Une fois de plus, le palmarès cannois aura donc raté le véritable grand film de la compétition. Mais qu'importe, si ce Happy End n'est peut-être pas considéré à sa juste valeur aujourd'hui, il sera sans doute perçu dans une vingtaine d'années comme le film central de la filmographie d'un cinéaste aussi talentueux que sulfureux, et donc les émules médiocres envahissent peu à peu la croisette (dont le palmé Ruben Östlund et son Square, bien plus bête, méchant et stérile que n'importe quel film du maestro autrichien). Et pour cause, Happy End est à la fois une synthèse parfaite des thèmes développés par Haneke depuis près de 30 ans et une réinvention de la formule qui lui avait permis de triompher à Cannes tout en livrant un de ses films les plus discutables avec Amour, dont la précision chirurgicale dans le traitement de l'agonie d'un couple était aussi virtuose que moralement très discutable.
Les premières images capturées sur un smartphone rappellent ainsi Benny's Video, tandis que le personnage de Georges, campé par un Jean-Louis Trintignant aussi vulnérable que féroce, fait quant à lui écho aux thèmes d'Amour et que le tableau d'une bourgeoisie française et de ses cauchemars enfouis fait clairement penser à Caché. Pour autant, la démarche du réalisateur autrichien n'est pas celle d'un pot-pourri ou d'un best-of, mais bel et bien d'une articulation virtuose de ses obsessions récurrentes.

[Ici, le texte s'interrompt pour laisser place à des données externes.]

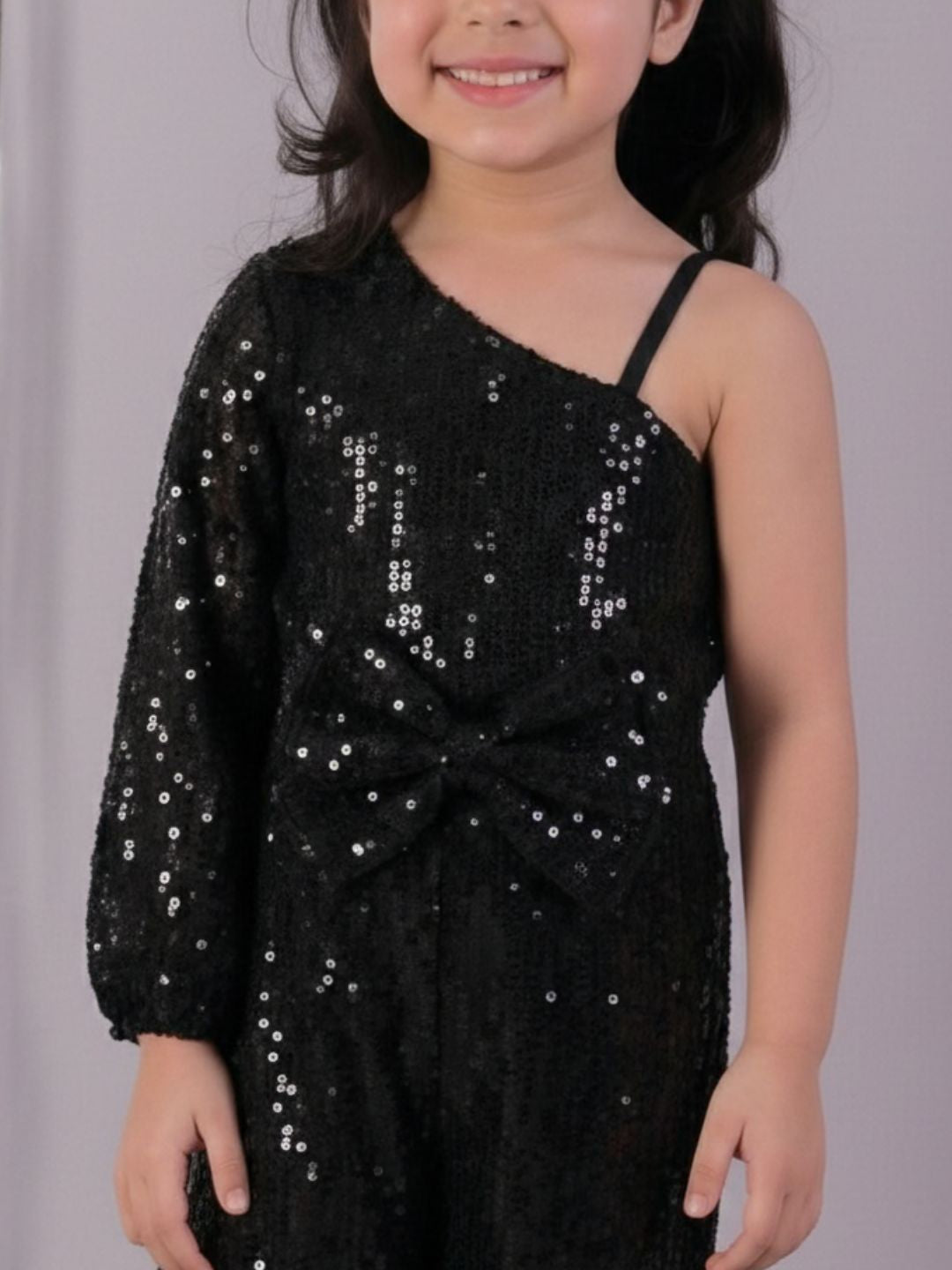 Razzle Dazzle Girls Black Party Jumper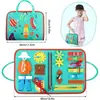 Tablero de Aprendizaje de Fieltro Transfronterizo Educación Temprana Infantil Juguetes Monterey Shuttle Vestir Práctica Manual Tablero Ocupado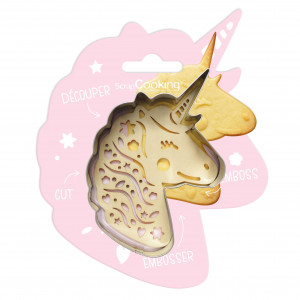 Kit Para Hacer Galletas Unicornio 9,6 cm ScrapCooking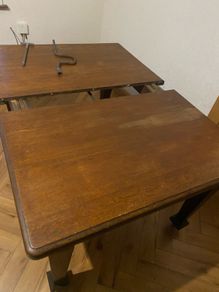 Vintage Solid Wood Extendable Dining Table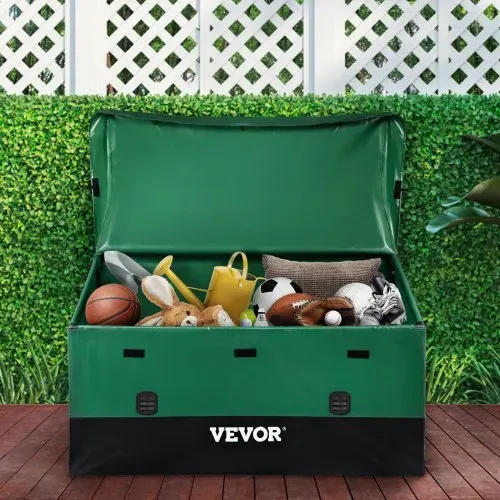 VEVOR 660L Auflagenbox Außenbereich 155x63x75cm Gartenbox aus PE-Plane auf industriellem Niveau Wasserdicht Luftdurchlässig Aufbewahrungsbox Truhe Gartenbox für Gebrauch zu Hause und beim Camping – Bild 7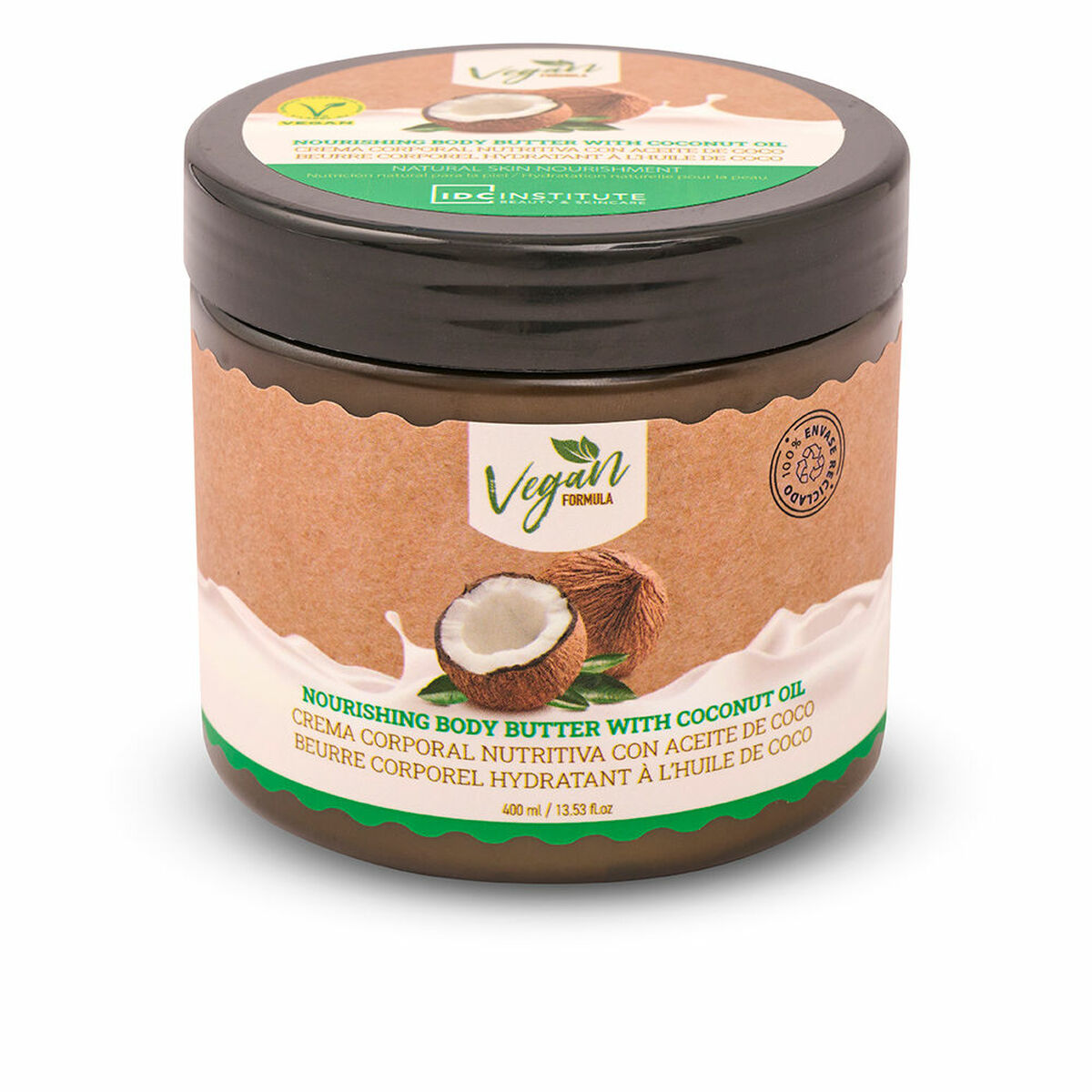 Body Cream Body Butter Coconut 400 ml - IDC Institute Maroc - Aylal Beauty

Il ne faut ainsi pas voir dans Happy End un film moraliste comme pouvait l'être Funny Games dans sa manière d'interpeller le rapport du spectateur à la violence, mais bel et bien une forme de bilan désabusé, où Haneke semble autant questionner le spectateur que son propre cinéma. Paradoxalement, il règne ainsi une certaine forme d'équilibre serein dans la manière dont le réalisateur déploie son propos, beaucoup plus subtile et dangereuse que celle d'Amour ou de La Pianiste. Dans tout le film chemine l'idée d'un mal souterrain, enfoui, et dont on ne perçoit que des bribes laissant entrevoir l'ampleur des non-dits et des secrets de famille. Plutôt que de disséquer à coup de hache le mille-feuilles de la décadence de ses personnages, Haneke fait ici du spectateur un véritable complice : sa caméra adresse ici de petits coups de coude attirant son attention sur des détails à priori triviaux pour reconstituer morceau par morceau le tableau de l'horreur de cette famille à priori tranquille, mais non sans histoires.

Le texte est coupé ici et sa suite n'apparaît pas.